Environ un millier de manifestants se sont rassemblés lundi 12 octobre devant le Rectorat de Poitiers, venus soutenir 4 collègues enseignants qui passent en Conseil de discipline, « les 4 du lycée de Melle ». L'administration s'acharne contre eux depuis le mois de mars. Il leur est reproché leur participation active et militante dans les mobilisations contre la réforme Blanquer. La hiérarchie ne leur pardonne pas d'avoir été aux côtés des élèves lors des épreuves contestées et perturbées du nouveau bac.

L'enquête, menée de manière opaque, conclut sans éléments réels à une instrumentalisation des élèves et même à une irréaliste « incitation à l'émeute » ! Après huit mois de suspension et d'isolement social par l'interdiction de fréquenter leurs collègues, les 4 de Melle sont donc, à nouveau, convoqués, cette fois devant la Commission disciplinaire. Son avis ne sera que consultatif, c'est, en dernier ressort, la Rectrice de l'Académie qui décidera de la sanction. Ils risquent la mutation d'office et des sanctions plus lourdes ne sont pas à exclure. Cet acharnement est choquant et usant pour les collègues.

Mais ils ont pu mesurer lundi le soutien qu'ils avaient. De nombreuses délégations s'étaient rendues de bien des endroits à Poitiers, par solidarité et pour protester contre l'évolution répressive de l'administration qui semble bien décidée à faire un exemple. Des délégations venues de nombreux endroits, comme les 14 enseignants du lycée Elie faure de Lormont en Gironde. Nombreux sont les enseignants qui se sentent concernés car beaucoup estiment qu'ils auraient pu se trouver à la place des 4 de Melle, ayant eux-mêmes été aux côtés de leurs élèves lorsqu'ils avaient décidé de manifester contre les nouvelles épreuves du bac Blanquer.

L'une des 4, convoquée à 14 h devant la Commission du Rectorat de Poitiers, n'en est ressortie avec les commissaires paritaires et l'avocat qu'à près de 22 h. Le même sort attend les trois autres les jours suivants. Le verdict devrait être connu cette fin de semaine.

        

        

Région de Pau

Licenciements à la Mécanique Aéronautique Pyrénéenne (MAP) : « Le virus a bon dos ! »

Brève
13/10/2020

Ce sous-traitant de l’aéronautique vient d’annoncer la suppression de 105 postes sur les 270 que compte l’entreprise. Le groupe BT2i auquel l’entreprise appartient profite de la crise sanitaire pour réorganiser ses activités. Le directeur explique bien sûr que c’est la faute à la crise du Covid et qu’il n’a pas le choix, mais les travailleurs ne sont pas dupes et pour eux c’est surtout une occasion rêvée pour s’attaquer à eux.

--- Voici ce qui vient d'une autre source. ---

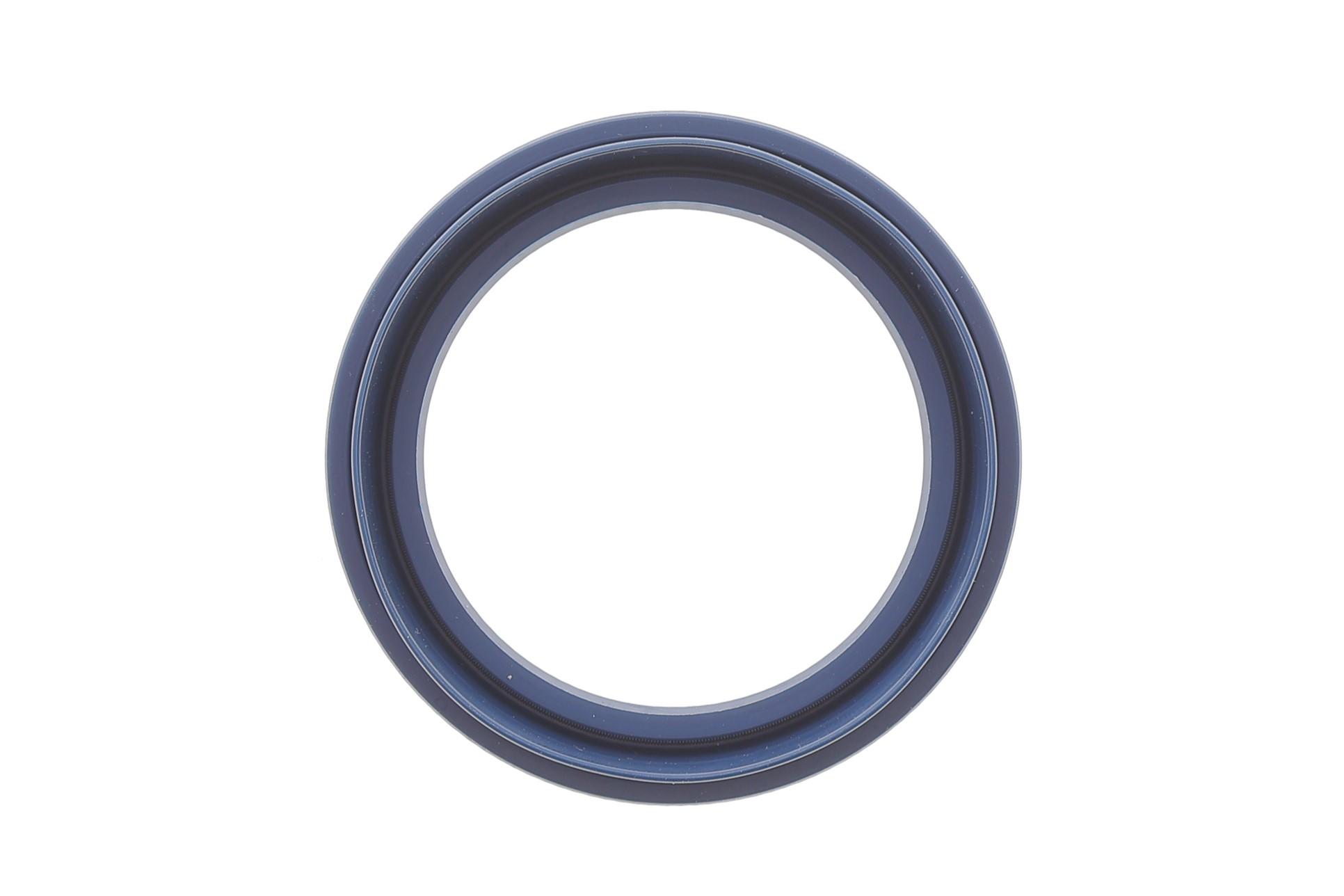 Підшипник маточини (передньої) Daewoo Matiz 98- (35x60x17)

Un des principaux donneurs d’ordre de la MAP est Airbus qui a reçu des milliards d’euros d’aide de l’État en plus des profits gigantesques dont se goinfrent ses actionnaires depuis années. À Airbus comme chez leurs sous-traitants, ces montagnes d’argent coincées dans leurs coffres forts doivent servir à répartir le travail entre tous les travailleurs en maintenant les salaires, et ce même si l’activité est réduite. Une première manifestation a réuni quelques 200 salariés de la MAP et de quelques entreprises des alentours le 12 octobre pour protester contre ces licenciements. Il faut qu’elle en appelle d’autres. Lutter, c’est le seul moyen pour les travailleurs d’imposer leurs intérêts.